Saturday, March 03, 2007

Too much of a good thing?

Computer viruses are bad. Right? Very bad!

So anti-virus programs are good. Right? Very good!

If one anti-virus program is good, two are better. Right?

Not necessarily!

In fact, by 2 a.m. this morning, I was totally convinced that when it comes to computer anti-virus programs, you really can have too much of a good thing.

For several days my computer has been getting painfully slower and slower like an arthritic senior in damp weather. Finally, about 11 p.m. last night, it decided to slow to a virtual stop. The problem is, my sermon for tomorrow, and a great deal of my "life," were now unretrievable on this recalcitrant beast called a lap top. Okay, so if my life can be locked up in rebellious technology, maybe my life has become a little pathetic. Sorry.

With computers, shutting down and restarting cures a lot of junk. But, after initiating and watching a number of horrendously slow and fruitless restarts (kind of like watching paint dry), I finally chased down a technical support number for Dell. If you haven't yet discovered, technical support is now an intercultural experience. After a couple of very frustrating contacts, a sweet lady in the Philippines was very helpful but ultimately connected me to a $79-just-to-get-started-for-pay-technical-support-person not covered by our service contract. Actually, I never did get connected or pass my credit card numbers to an unknown person in order to rescue my stalled life.

While on hold, I slowly navigated through the add-and-remove process and wiped out one of those good anti-virus programs. INSTANTLY, MY COMPUTER WAS WELL! Hmmmm. I guess you can have too much of a good thing, aka, two good anti-virus programs.

Going to church (that may be an interesting alternative to "being the church") is a good thing. Right? So going to church a lot (a concept which seems quite building- and program-oriented) is a really good thing. Right? I grew up in the era when good Christians went to church "every time the doors were open." I apologize to all those to whom I encouraged that abominable idea.

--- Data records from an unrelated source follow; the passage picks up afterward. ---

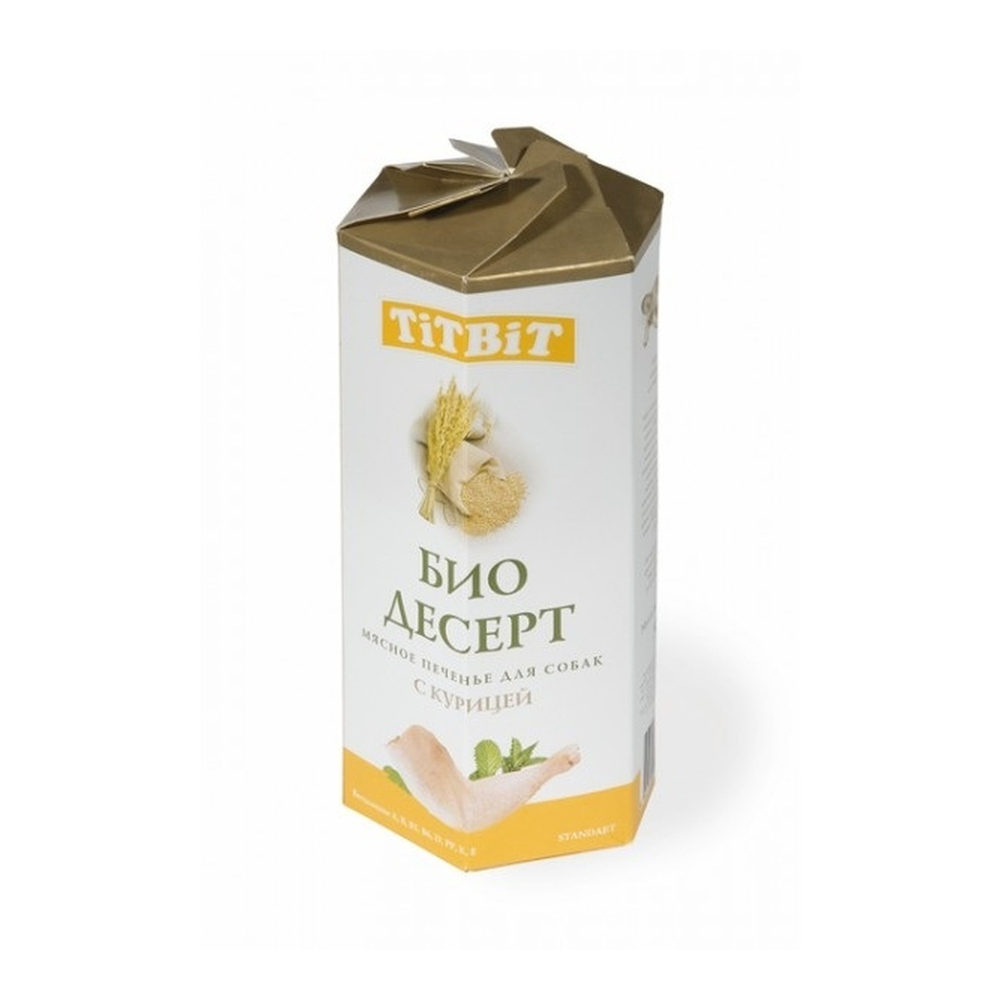TiTBiT 350 г печенье с курицей для собак стандарт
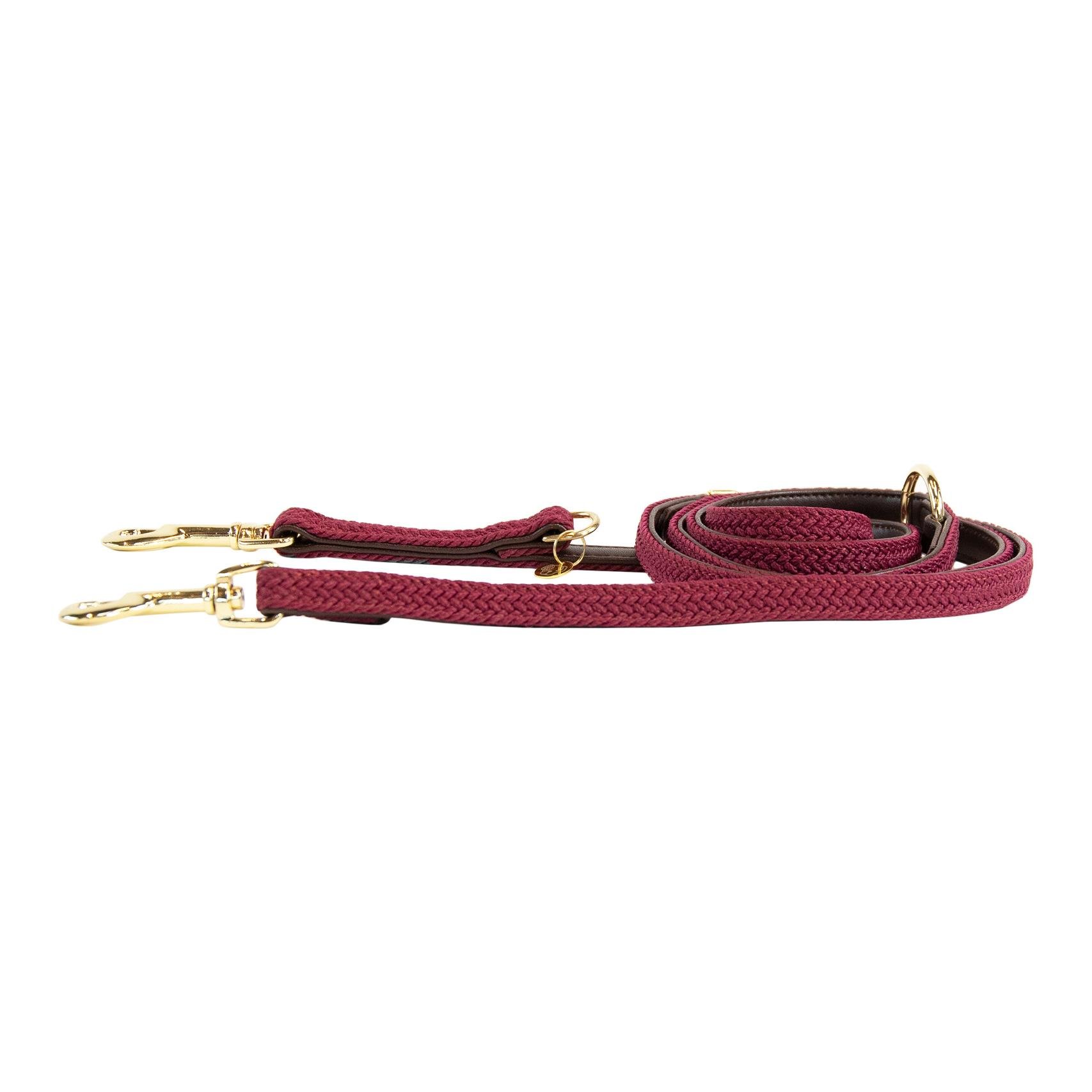 Hundeleine Nylon geflochten - bordeaux Hundeleine Nylon geflochten - bordeaux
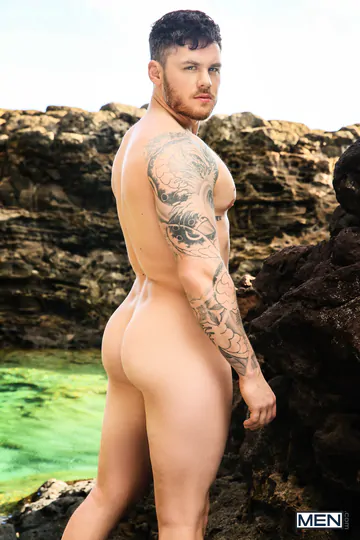 Threesome fun by the shore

Maybe going to church a lot is not a good thing. Maybe the church in the USA (one of the few places in the world where the church is in decline) has substituted "going to church" for "being the church." We feel like good Christians when we go to church, whether or not we really are more and more like Christ.

Perhaps our seemingly infinite expansion of meetings, events, and programs (all likely good in themselves--like my two anti-virus programs) has been substituted for authentic Christianity and the enactment of Jesus' mission in the world (redeeming sinners and relieving suffering--bringing the newness of the kingdom of God to broken people and a broken culture/world).

At 60, I'm slowing down (not quite as badly as my computer last night) and I sense that I'm running out of time. I want to invest what time I have left in moving toward a different model of being Jesus' church--His new community bringing new life to a broken world. That's why the pastors are talking quite a bit about "sharpening our focus" and "doing less better." It's not just about doing less things though. It's about trying to do the right things -- nurturing relational communities that are formative, caring, and missional. But we don't want to just add that to an already too full menu.

I guess you can tell that I'm thinking that our model of church and Christianity may have inadvertently (with all good intent) become too much of a good thing.